Work instructions>
Print the lines that run from the line with "Lampada personalizzata inplexiglass" to the line with "30 PCS 3.5 Inch", keeping both end lines, exactly as they appear in the entries below, and nothing else.

Data supplied>
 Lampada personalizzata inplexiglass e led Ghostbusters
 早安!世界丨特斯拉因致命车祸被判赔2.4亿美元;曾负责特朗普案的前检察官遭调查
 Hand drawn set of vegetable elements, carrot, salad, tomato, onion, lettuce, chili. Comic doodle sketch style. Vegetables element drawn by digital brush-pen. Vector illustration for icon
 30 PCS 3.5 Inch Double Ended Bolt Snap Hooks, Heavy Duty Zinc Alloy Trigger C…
...
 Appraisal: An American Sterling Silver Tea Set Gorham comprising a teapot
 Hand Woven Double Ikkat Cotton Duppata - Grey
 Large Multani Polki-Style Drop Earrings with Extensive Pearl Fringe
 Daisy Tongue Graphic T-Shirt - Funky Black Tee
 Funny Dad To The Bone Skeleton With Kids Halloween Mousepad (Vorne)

Task solution>
 Lampada personalizzata inplexiglass e led Ghostbusters
 早安!世界丨特斯拉因致命车祸被判赔2.4亿美元;曾负责特朗普案的前检察官遭调查
 Hand drawn set of vegetable elements, carrot, salad, tomato, onion, lettuce, chili. Comic doodle sketch style. Vegetables element drawn by digital brush-pen. Vector illustration for icon
 30 PCS 3.5 Inch Double Ended Bolt Snap Hooks, Heavy Duty Zinc Alloy Trigger C…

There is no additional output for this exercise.